# HOW TO COMPLETE THIS TASK
Exactly as they appear, retype the lines from the one containing "this 640×480 image." through the final line of the data below. Leave pictures out.

———

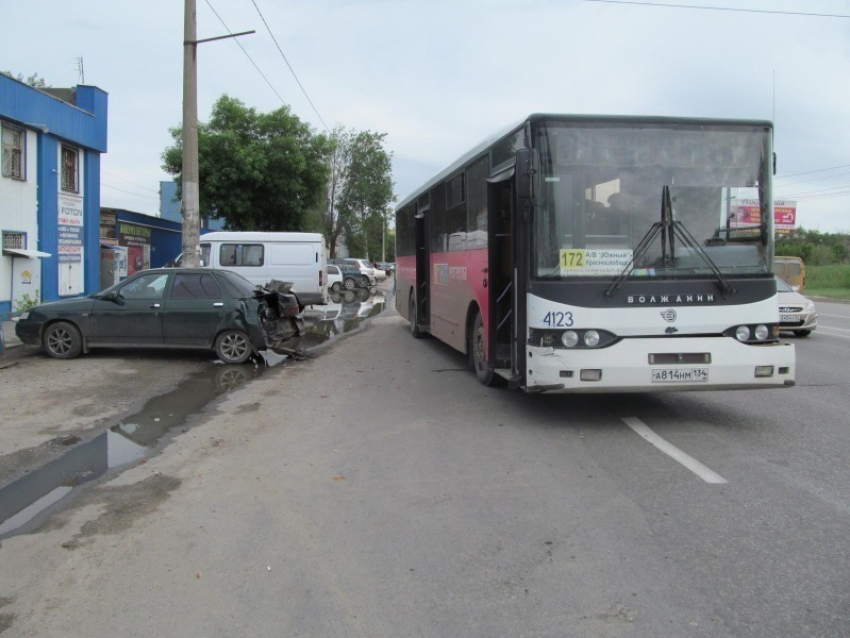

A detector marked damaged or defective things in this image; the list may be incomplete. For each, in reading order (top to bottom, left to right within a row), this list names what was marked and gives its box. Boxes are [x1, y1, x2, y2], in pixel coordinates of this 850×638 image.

damaged dark green sedan [14, 266, 304, 364]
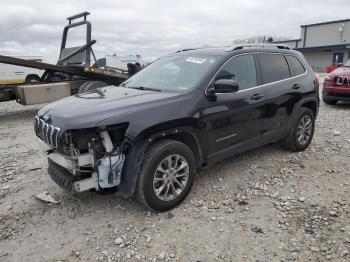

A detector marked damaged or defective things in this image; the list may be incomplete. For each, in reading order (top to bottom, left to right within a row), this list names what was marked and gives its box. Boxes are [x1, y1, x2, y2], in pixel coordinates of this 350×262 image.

crumpled hood [37, 85, 183, 133]
damaged front end [34, 116, 129, 192]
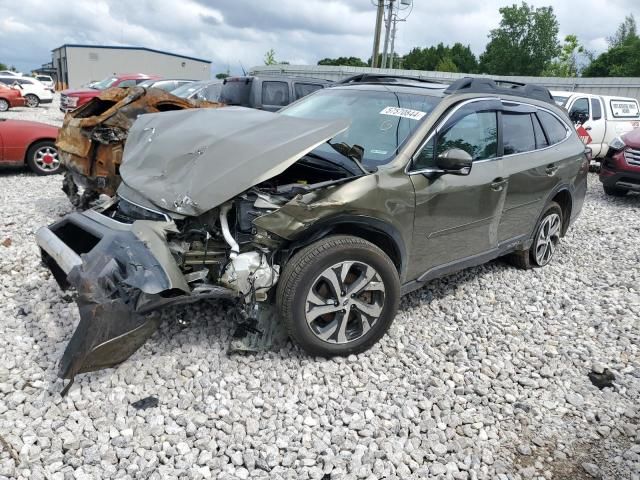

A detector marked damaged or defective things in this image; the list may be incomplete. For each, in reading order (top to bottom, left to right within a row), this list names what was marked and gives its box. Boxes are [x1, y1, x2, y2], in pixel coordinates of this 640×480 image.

broken front bumper [35, 208, 235, 380]
detached bumper piece [35, 210, 235, 390]
crumpled hood [120, 109, 350, 216]
damaged green suv [33, 76, 584, 382]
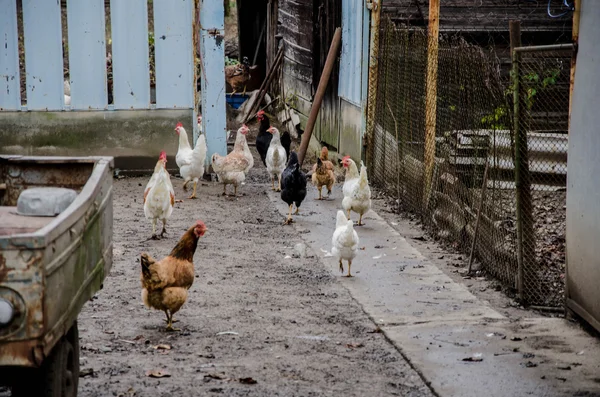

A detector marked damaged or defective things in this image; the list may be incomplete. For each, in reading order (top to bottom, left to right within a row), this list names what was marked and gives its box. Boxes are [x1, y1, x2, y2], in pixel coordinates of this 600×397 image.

———

# RESPONSE BELOW
A detector marked damaged or defective things in this image; the list may be incomplete. For each, in reading order (top to bottom, left to right within a row), this list names what was marked and gives its box. Boxes are [x1, y1, x2, y2], in pixel coordinates of this 640×480 image.

broken front bumper [35, 208, 235, 380]
detached bumper piece [35, 210, 235, 390]
crumpled hood [120, 109, 350, 216]
damaged green suv [33, 76, 584, 382]

A detector marked damaged or defective things in this image; the list may be incomplete. For each, in reading order (top to bottom, left to right within a row), this list names what was marked and gives its box. Boxes are [x1, y1, x2, y2], in pixel coordinates of this 600×397 image.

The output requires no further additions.